The pathogenesis and genetic events in malignant progression of PA are not entirely understood. The risk is likely increased with the duration of the mass [19, 33]; therefore, it is conceivable that as a tumor grows, acquisition of additional genetic anomalies leads to malignant progression. Marked numerical and structural chromosomal aberrations and DNA aneuploidy are found in CA-ex-PA, but which, if any, of these changes are crucial in malignant transformation is yet to be determined [34, 35]. A study by El-Naggar et al. [35] suggested that LOH in the 12q region identifies a group of PA with a potential for evolution to carcinoma, and that additional changes at 17p may be the preceding events for malignant transformation [36]. Using a genome-wide, high-resolution array-CGH, Persson et al. [37] found amplification of 12q genes (specifically MDM2), deletions of 5q23.2-q31.2, gains of PLAG1 and MYC, and amplification of ERBB2 to be relevant events in malignant change [37]. Tsang et al. [16] reported a case of CA-ex-PA with amplification of multiple genes including PLAG1 [16]. We have also recently demonstrated increased copy number and amplification of rearranged PLAG1 in a CA-ex-PA in a young patient who had a history of PA with simple PLAG1 rearrangement [38]. An additional case in our current series showed amplification of altered PLAG1. In addition, by FISH, six of CA-ex-PA in our study had PLAG1 alteration with a trisomy/polysomy pattern. Our findings, in addition to previous reports, suggest that copy number gain and amplification of PLAG1 may contribute to malignant progression in a subset of tumors. Amplification and overexpression of HMGA2 has also been postulated in transformation to CA-ex-PA [39]. It seems more likely that malignant degeneration may be triggered by a variety of mechanisms, rather than a single genetic event responsible for all tumors. The role of p53 mutation in malignant transformation of PA, however, has already been looked at, and refuted by mutational analysis of 11 cases [40].

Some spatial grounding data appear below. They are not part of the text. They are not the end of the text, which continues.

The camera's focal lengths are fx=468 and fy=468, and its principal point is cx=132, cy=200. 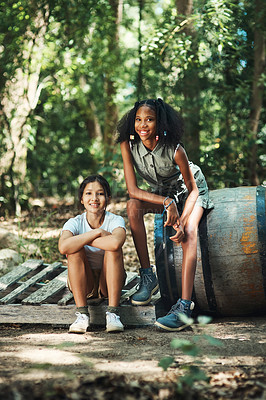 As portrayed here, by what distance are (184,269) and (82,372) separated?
122 cm

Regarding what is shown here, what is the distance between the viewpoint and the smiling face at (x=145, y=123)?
11.3 feet

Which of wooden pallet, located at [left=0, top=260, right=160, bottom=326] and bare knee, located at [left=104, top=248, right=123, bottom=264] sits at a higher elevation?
bare knee, located at [left=104, top=248, right=123, bottom=264]

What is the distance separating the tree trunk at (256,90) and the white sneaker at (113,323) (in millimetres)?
4307

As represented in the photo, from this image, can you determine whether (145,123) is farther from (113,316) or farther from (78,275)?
(113,316)

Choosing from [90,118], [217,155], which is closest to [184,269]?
[217,155]

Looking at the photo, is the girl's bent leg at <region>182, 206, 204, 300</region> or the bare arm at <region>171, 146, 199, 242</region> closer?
the girl's bent leg at <region>182, 206, 204, 300</region>

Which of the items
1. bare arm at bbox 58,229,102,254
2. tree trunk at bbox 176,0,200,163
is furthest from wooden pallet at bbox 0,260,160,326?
tree trunk at bbox 176,0,200,163

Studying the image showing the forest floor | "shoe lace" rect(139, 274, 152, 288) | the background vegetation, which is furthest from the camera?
the background vegetation

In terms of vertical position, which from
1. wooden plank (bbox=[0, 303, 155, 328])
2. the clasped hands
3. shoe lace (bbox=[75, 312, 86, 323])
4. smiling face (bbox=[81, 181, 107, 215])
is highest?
smiling face (bbox=[81, 181, 107, 215])

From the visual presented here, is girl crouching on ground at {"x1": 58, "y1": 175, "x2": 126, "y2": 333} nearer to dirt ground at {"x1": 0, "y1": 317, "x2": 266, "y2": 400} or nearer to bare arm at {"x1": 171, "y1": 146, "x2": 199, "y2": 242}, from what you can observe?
dirt ground at {"x1": 0, "y1": 317, "x2": 266, "y2": 400}

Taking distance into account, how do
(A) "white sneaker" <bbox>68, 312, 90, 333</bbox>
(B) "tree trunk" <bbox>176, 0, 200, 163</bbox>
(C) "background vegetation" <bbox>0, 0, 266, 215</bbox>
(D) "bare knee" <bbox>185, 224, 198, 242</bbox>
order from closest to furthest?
(A) "white sneaker" <bbox>68, 312, 90, 333</bbox> < (D) "bare knee" <bbox>185, 224, 198, 242</bbox> < (C) "background vegetation" <bbox>0, 0, 266, 215</bbox> < (B) "tree trunk" <bbox>176, 0, 200, 163</bbox>

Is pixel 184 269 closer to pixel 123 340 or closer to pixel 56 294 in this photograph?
pixel 123 340

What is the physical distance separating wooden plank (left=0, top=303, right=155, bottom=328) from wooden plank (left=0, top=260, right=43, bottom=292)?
0.42 meters

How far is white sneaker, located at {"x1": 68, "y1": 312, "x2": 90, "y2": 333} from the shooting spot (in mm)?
3211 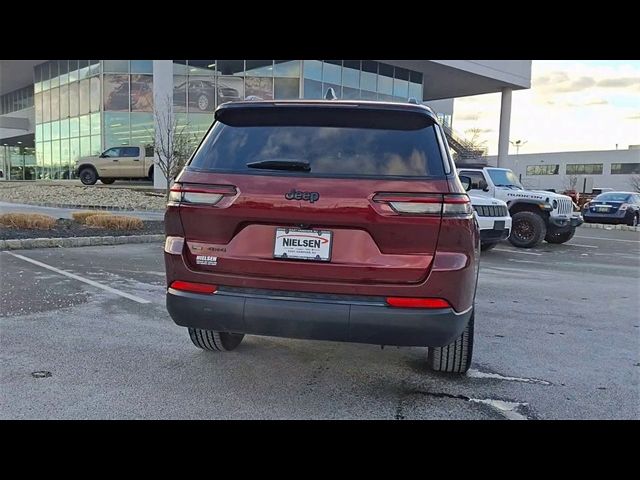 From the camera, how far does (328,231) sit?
9.21 ft

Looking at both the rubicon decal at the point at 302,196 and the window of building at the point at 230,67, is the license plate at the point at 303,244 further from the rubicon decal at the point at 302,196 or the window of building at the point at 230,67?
the window of building at the point at 230,67

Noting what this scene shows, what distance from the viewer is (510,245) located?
1241 centimetres

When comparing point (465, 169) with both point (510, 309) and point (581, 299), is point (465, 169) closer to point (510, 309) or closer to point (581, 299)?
point (581, 299)

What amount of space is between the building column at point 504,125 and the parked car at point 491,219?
84.1ft

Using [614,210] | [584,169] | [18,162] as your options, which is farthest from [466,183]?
[584,169]

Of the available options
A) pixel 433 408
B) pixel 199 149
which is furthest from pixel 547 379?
pixel 199 149

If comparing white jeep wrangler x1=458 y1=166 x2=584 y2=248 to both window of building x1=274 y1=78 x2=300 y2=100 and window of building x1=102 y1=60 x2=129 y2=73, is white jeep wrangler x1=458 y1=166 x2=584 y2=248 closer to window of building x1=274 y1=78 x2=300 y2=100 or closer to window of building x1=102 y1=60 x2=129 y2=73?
window of building x1=274 y1=78 x2=300 y2=100

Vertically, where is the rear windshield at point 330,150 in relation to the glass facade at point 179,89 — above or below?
below

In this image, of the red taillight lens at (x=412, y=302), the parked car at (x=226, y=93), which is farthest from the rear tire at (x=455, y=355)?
the parked car at (x=226, y=93)

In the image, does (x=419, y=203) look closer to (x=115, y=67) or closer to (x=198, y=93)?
(x=198, y=93)

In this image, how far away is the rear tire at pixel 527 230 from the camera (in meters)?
11.7

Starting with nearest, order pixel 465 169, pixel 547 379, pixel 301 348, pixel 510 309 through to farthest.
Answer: pixel 547 379 → pixel 301 348 → pixel 510 309 → pixel 465 169
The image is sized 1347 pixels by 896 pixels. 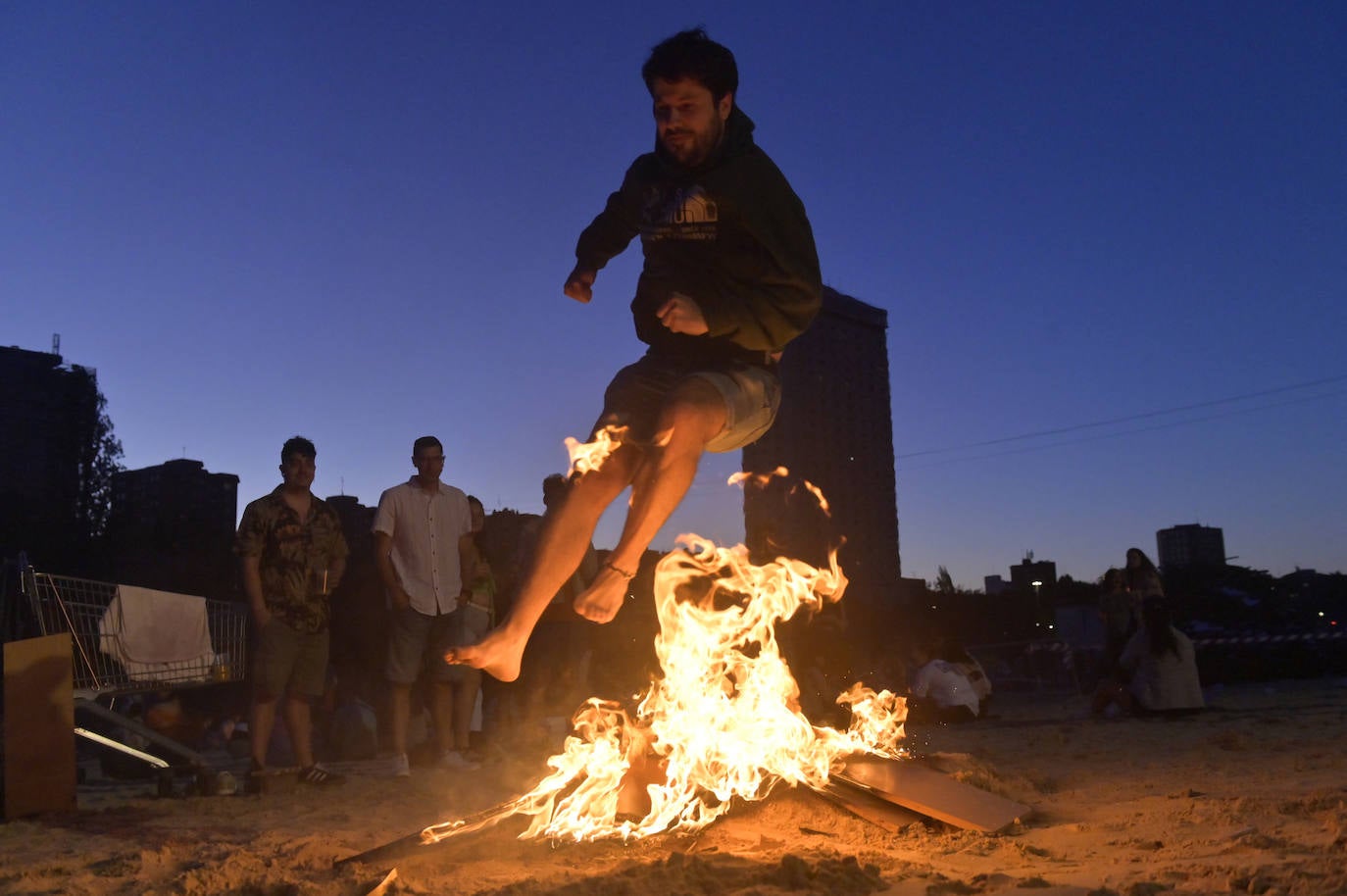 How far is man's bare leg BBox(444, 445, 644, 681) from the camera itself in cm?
330

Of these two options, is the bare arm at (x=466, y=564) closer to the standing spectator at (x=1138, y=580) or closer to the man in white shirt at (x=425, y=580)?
→ the man in white shirt at (x=425, y=580)

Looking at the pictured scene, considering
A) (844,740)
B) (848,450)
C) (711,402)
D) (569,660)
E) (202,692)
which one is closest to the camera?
(711,402)

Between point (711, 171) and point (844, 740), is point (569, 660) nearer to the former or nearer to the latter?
point (844, 740)

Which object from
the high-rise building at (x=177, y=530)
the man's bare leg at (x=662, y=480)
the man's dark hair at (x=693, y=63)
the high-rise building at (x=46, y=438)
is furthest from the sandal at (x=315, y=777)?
the high-rise building at (x=46, y=438)

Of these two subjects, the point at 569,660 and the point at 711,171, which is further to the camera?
the point at 569,660

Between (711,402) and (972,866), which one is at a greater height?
(711,402)

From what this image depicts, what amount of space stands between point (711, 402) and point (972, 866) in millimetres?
1569

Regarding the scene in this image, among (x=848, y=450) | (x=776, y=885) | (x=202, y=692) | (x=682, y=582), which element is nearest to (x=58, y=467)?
(x=202, y=692)

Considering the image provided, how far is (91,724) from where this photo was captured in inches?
307

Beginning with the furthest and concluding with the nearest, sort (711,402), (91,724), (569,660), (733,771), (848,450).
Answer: (848,450) → (91,724) → (569,660) → (733,771) → (711,402)

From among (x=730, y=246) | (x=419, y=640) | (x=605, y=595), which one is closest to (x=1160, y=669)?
(x=419, y=640)

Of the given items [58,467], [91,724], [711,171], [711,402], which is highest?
[58,467]

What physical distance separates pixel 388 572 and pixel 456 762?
1.21 meters

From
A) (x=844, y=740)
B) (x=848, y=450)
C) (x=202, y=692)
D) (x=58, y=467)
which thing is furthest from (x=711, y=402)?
(x=58, y=467) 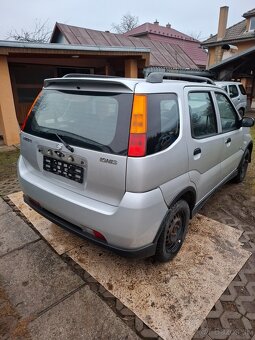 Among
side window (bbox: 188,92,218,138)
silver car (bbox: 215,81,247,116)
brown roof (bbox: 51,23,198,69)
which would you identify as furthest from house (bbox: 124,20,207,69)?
side window (bbox: 188,92,218,138)

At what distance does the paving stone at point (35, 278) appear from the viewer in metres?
2.07

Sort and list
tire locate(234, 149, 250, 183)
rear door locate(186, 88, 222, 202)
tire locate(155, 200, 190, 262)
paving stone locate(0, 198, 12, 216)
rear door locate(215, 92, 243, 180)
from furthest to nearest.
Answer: tire locate(234, 149, 250, 183) → paving stone locate(0, 198, 12, 216) → rear door locate(215, 92, 243, 180) → rear door locate(186, 88, 222, 202) → tire locate(155, 200, 190, 262)

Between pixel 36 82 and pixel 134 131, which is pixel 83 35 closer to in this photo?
pixel 36 82

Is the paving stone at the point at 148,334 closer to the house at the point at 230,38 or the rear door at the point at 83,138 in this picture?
the rear door at the point at 83,138

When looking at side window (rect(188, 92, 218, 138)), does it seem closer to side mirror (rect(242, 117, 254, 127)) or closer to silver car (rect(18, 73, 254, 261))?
silver car (rect(18, 73, 254, 261))

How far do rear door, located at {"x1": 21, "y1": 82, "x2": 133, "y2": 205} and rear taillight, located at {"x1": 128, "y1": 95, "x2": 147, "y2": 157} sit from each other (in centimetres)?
4

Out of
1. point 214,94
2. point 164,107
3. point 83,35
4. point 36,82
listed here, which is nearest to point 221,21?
point 83,35

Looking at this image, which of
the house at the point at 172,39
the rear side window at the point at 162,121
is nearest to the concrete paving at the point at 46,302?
the rear side window at the point at 162,121

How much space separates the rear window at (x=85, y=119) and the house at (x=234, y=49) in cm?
1372

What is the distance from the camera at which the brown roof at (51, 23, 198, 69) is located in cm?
1325

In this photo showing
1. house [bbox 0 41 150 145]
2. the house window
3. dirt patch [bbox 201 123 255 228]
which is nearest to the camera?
dirt patch [bbox 201 123 255 228]

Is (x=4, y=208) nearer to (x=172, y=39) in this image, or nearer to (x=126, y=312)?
(x=126, y=312)

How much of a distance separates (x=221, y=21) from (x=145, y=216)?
22.7 meters

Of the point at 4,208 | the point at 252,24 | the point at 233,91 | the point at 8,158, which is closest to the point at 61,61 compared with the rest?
the point at 8,158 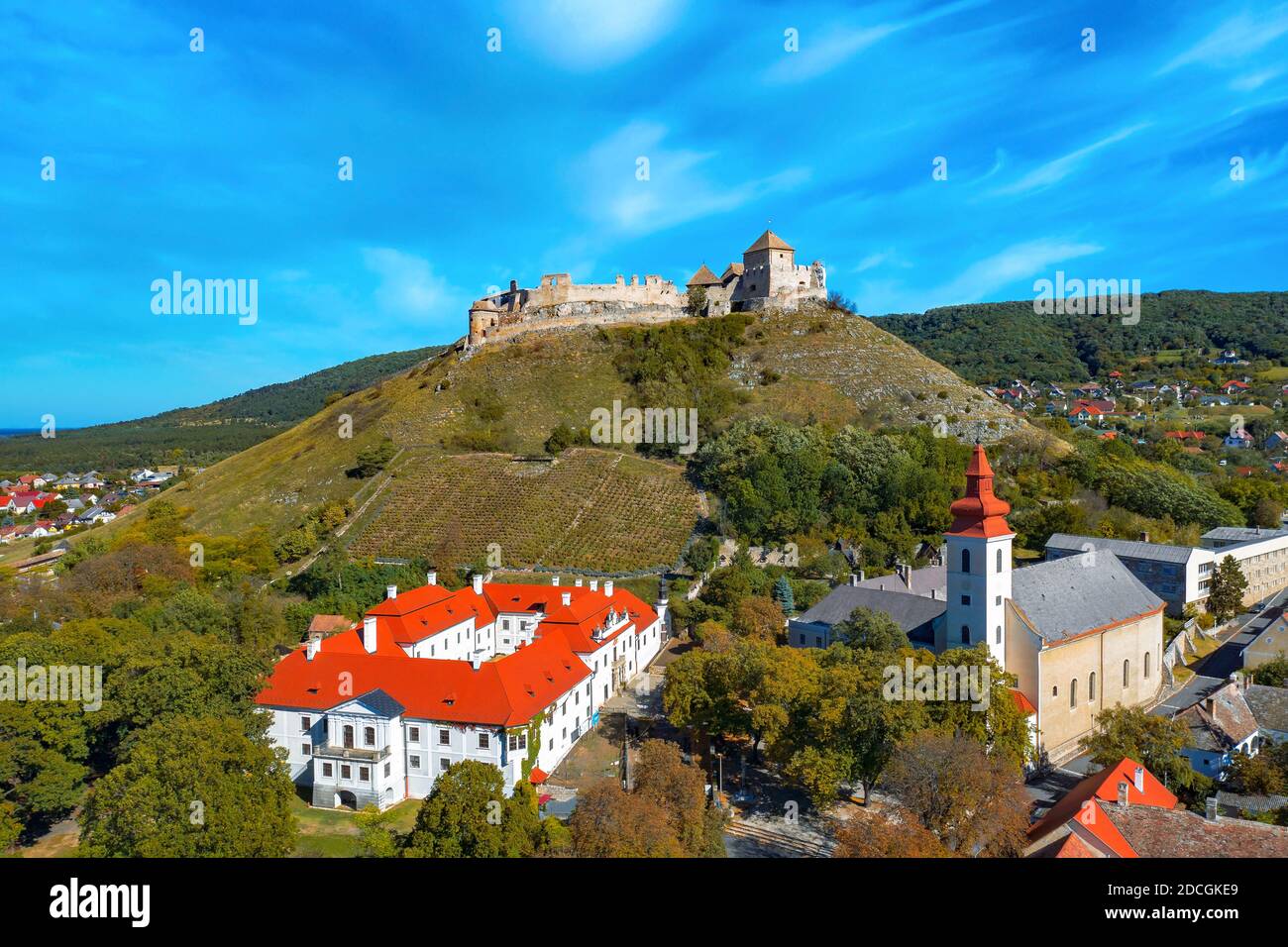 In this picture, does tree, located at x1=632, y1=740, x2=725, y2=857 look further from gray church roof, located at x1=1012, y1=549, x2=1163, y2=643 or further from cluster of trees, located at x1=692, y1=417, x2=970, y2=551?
cluster of trees, located at x1=692, y1=417, x2=970, y2=551

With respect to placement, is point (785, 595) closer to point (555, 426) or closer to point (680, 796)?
point (680, 796)

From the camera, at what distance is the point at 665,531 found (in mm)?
62969

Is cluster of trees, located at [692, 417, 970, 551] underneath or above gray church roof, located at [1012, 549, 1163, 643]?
above

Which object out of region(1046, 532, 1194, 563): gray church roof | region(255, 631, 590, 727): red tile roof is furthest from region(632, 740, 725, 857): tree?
region(1046, 532, 1194, 563): gray church roof

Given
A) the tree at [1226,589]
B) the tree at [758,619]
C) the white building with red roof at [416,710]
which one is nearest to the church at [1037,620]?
the tree at [758,619]

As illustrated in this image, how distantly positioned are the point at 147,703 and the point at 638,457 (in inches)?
1920

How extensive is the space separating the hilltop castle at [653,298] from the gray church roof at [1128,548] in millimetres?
45995

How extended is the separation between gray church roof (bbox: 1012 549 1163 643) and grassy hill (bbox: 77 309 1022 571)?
87.7 feet

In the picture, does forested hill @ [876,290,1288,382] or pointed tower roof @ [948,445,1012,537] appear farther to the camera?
forested hill @ [876,290,1288,382]

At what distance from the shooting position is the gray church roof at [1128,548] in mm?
55188

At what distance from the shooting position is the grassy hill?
65.4m

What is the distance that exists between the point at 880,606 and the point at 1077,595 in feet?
28.4

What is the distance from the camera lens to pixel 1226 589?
5372cm

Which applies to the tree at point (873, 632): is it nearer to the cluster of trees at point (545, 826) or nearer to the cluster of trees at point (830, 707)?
the cluster of trees at point (830, 707)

In summary, we evaluated 22 cases of CA-ex-PA by immunohistochemistry for PLAG1 and by FISH targeting PLAG1. In our series, the majority of CA-ex-PA carried an altered PLAG1 gene that could be identified by FISH technique. We conclude that PLAG1 rearrangement persists in carcinomas arising from PA, confirming the few previous observations. PLAG1 expression in CA-ex-PA was variable but was specific against other salivary gland carcinomas and carcinomas of other primary sites when staining was robust. In situations where there is a question of malignancy arising in the context of preexisting PA, FISH for PLAG1 and immunohistochemistry for PLAG1, particularly in combination, are helpful ancillary studies to facilitate diagnostic interpretation.